Curious... from an EWI promo:

The Beginning or the End of a Bear Market?

Have wealthy stock market investors done any better than the average Joe who has money in stocks? Have the wealthy behaved differently during the market's decline?

The answer to both questions is, "Probably not," based on a survey reported in today's Wall Street Journal. This survey queried the top one percent of the wealthy (people with annual gross incomes exceeding $300,000 or a net worth exceeding $3.75 million), and discovered the following:

"About 85% of those surveyed said their portfolios declined in value since March 2000."

"The average decline was 17%."

"Their average asset allocation remains substantially the same as last year, with one-third in domestic equities..."

"Less than a quarter of respondents said they moved money out of stocks and into safer investments in the past year."

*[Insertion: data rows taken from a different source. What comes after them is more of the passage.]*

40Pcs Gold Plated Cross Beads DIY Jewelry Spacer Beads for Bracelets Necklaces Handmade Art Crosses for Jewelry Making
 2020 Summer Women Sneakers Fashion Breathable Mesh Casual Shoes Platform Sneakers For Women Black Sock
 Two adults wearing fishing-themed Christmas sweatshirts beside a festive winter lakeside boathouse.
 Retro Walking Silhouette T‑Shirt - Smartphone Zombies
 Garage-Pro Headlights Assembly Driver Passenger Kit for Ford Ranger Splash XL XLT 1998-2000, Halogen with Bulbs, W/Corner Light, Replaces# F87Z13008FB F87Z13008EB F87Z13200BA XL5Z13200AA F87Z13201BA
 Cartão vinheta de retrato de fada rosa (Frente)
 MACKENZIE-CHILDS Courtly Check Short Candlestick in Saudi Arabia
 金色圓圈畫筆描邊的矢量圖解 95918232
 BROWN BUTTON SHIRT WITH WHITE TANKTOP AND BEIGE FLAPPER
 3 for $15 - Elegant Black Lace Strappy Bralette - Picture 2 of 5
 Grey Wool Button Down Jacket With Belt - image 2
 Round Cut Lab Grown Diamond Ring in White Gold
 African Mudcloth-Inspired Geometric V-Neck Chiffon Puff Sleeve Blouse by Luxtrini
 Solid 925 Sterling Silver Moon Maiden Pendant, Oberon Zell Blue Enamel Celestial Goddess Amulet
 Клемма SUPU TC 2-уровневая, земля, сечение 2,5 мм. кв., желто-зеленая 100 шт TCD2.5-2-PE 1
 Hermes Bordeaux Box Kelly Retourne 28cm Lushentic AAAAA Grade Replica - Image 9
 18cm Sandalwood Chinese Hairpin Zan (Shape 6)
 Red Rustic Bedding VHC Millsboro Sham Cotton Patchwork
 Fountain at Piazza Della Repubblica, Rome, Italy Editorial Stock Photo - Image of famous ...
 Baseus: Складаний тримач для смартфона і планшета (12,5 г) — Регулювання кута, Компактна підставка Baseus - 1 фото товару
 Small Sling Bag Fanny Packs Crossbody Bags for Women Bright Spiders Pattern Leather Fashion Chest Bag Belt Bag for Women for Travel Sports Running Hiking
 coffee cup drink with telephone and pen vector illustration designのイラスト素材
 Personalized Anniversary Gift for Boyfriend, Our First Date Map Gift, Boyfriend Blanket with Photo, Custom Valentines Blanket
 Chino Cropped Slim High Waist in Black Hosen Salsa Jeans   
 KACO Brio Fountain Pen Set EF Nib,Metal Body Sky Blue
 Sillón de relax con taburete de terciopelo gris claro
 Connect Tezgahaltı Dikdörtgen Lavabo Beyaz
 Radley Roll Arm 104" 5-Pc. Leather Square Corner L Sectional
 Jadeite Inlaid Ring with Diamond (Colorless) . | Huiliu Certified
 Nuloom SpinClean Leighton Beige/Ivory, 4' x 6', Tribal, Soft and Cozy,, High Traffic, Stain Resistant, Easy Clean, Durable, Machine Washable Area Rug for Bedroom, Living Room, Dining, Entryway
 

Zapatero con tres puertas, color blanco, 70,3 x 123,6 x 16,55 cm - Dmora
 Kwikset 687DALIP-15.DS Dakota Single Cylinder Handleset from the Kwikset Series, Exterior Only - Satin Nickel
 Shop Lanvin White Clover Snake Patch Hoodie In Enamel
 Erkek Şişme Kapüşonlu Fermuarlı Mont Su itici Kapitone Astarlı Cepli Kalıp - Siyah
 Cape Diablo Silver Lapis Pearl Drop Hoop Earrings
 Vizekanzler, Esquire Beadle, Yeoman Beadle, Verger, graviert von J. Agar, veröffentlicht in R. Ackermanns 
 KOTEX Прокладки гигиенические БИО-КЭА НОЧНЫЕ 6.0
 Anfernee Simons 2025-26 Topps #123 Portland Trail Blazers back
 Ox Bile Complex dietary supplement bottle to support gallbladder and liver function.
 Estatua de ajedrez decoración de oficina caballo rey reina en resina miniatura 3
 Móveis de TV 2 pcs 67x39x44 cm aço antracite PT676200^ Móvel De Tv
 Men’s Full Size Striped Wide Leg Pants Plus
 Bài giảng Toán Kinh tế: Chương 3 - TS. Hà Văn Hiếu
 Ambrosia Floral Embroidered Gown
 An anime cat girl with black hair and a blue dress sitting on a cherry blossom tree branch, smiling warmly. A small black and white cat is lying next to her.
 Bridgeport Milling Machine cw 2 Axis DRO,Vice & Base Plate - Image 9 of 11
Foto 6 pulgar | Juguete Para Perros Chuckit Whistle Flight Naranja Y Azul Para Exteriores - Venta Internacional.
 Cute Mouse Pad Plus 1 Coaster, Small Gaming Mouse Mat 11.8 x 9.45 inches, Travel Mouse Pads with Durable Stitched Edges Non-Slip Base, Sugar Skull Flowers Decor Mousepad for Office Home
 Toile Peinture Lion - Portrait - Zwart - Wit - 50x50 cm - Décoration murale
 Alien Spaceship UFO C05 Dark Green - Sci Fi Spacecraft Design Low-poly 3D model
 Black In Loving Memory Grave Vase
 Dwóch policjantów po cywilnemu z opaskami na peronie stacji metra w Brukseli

Keep that final bullet point in mind, because here's the shocker: Asked what they DON'T trust, the wealthy picked



Corporate financial statements (76%);

Analysts' stock recommendations (73%);

Management at publicly traded firms (68%);

Independent auditors (58%).

In other words, the vast majority of wealthy stock market investors have lost money in the bear market, and a strong majority DO NOT trust the entire layer of professionals who are supposed to INSPIRE trust in the stock market.

But ... more than three-quarters of these wealthy investors are STILL in the stock market, and HAVE NOT even changed their asset allocation.

Is it fair to conclude that these folks don't trust anything or anyone, except the stock market and themselves? More to the point, does this survey suggest the sort of psychology that prevails at the beginning or at the end of a bear market?